Navigation Team and Science Planning and Sequencing Team members reviewed current trajectories with and without Orbit Trim Maneuver 298 (OTM-298), the final targeting maneuver for E-16 scheduled to execute today, and determined that OTM-298 was not needed. Consequently, OTM-298 was canceled.
Thursday, Nov. 3 (DOY 307)
Science activities this week began with the final 15 hour Titan Exploration at Apoapsis (TEA) observation (in the set of TEAs begun last week) by the Composite Infrared Spectrometer (CIRS) and Imaging Science Subsystem (ISS). This was followed by a set of ISS astrometric observations of some of Saturn's small inner moons, and a CIRS 12 hour observation of Saturn to measure oxygen compounds (H2O, CO2) in the stratosphere. The Ultraviolet Imaging Spectrograph (UVIS), CIRS, and the Visual and Infrared Mapping Spectrometer (VIMS) completed an 11 hour observation of Saturn’s aurora, which was followed by the E-16 Enceladus flyby at 496 km altitude. The primary goal of this flyby was to perform the first close Synthetic Aperture Radar (SAR) measurements of an icy satellite to understand the structure and composition of the regolith directly below the surface, and to compare these data with similar measurements of Titan.
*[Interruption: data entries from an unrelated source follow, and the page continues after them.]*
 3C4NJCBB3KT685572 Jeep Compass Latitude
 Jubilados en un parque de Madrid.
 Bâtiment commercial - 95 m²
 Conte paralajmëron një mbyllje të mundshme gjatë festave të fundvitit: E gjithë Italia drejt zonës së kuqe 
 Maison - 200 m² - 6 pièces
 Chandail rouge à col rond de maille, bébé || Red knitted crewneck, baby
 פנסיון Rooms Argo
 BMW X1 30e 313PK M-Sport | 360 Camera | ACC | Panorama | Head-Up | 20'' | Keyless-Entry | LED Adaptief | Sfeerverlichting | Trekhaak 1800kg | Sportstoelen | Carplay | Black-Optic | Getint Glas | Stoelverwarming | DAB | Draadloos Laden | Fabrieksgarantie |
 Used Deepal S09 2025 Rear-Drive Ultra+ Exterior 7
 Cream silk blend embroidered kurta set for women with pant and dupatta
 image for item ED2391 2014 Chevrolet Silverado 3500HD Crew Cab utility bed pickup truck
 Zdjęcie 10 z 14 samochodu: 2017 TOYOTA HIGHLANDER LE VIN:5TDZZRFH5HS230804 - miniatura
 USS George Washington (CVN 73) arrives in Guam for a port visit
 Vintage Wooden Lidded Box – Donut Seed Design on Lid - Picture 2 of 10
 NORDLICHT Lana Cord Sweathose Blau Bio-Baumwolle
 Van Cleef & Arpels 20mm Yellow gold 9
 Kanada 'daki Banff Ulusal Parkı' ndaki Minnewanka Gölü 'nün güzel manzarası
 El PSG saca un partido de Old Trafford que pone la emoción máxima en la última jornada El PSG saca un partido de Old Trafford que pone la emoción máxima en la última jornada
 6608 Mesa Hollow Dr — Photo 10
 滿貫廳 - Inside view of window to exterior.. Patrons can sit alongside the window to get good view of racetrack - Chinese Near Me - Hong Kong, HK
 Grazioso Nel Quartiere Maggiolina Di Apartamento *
In addition to the Radar observations, remote sensing measurements were made of Enceladus' plume on the inbound leg to aid in understanding the structure and morphology, temporal variability, and relationship to geological features and hot spots on the surface; on the outbound leg the surface of Enceladus was observed to obtain thermal and compositional data. UVIS made a long (5.25 hr) Dione observation to measure its UV spectral albedo and search for an exosphere, and then performed a calibration measurement of the star Spica. ISS made searches for objects in the L5 Lagrange regions of both Enceladus and Rhea. Lastly, Saturn auroral observations were led by UVIS, with repeated slews across the auroral oval, and ISS then performed a satellite search in the region around the Titan L4 Lagrange point.
Friday, Nov. 4 (DOY 308).
The main engine cover was closed today and will re-open on Sunday, Nov. 6. This was the 68th in-flight cycle of the cover.
Saturday, Nov. 5 (DOY 309)
Real Time Operations (RTO) uplinked the S71 Instrument Expanded Block (IEB) files over the weekend using the new Autorad tool successfully.
Sunday, Nov. 6 (DOY 310)
Today Cassini flew by Enceladus at an altitude of 496 kilometers and a speed of 7.4 km/sec. This flyby was designed to obtain the first detailed radar observations of Enceladus. This was also the first close radar pass of any icy moon besides Titan. The results will enable a comparison of the radar properties of a moon with a known composition (Enceladus) with that of Titan. The segment also included plume observations, the composite infrared spectrometer (CIRS) monitoring of hotspot activity, ultraviolet imaging spectrograph (UVIS) observations of Dione and its environment, and searches for Lagrangian companions of Enceladus and Rhea. For more information and raw images, link to: http://saturn.jpl.nasa.gov/news/cassinifeatures/feature20111107/
Non-targeted flybys of Methone, Pandora, and Calypso occurred today.
Monday, Nov. 7 (DOY 311)
The Science Forum for S73 was held today. Topics included an overview of science planned for this sequence followed by highlights, unique activities, and highest priority observations as described by the Target Working Team (TWT) and Orbiter Science Team (OST) leads, with comments from the Investigation Scientists and other instrument team representatives.
Tuesday, Nov. 8 (DOY 312)
Orbit Trim Maneuver (OTM) #299 was performed today. This was the clean-up maneuver following the Enceladus 16 encounter on Nov. 6. The main engine burn began at 5:45PM PDT. Telemetry immediately after the maneuver showed a burn duration of 12.029 seconds, giving a delta-V of 2.09 m/s. All subsystems reported nominal performance after the maneuver.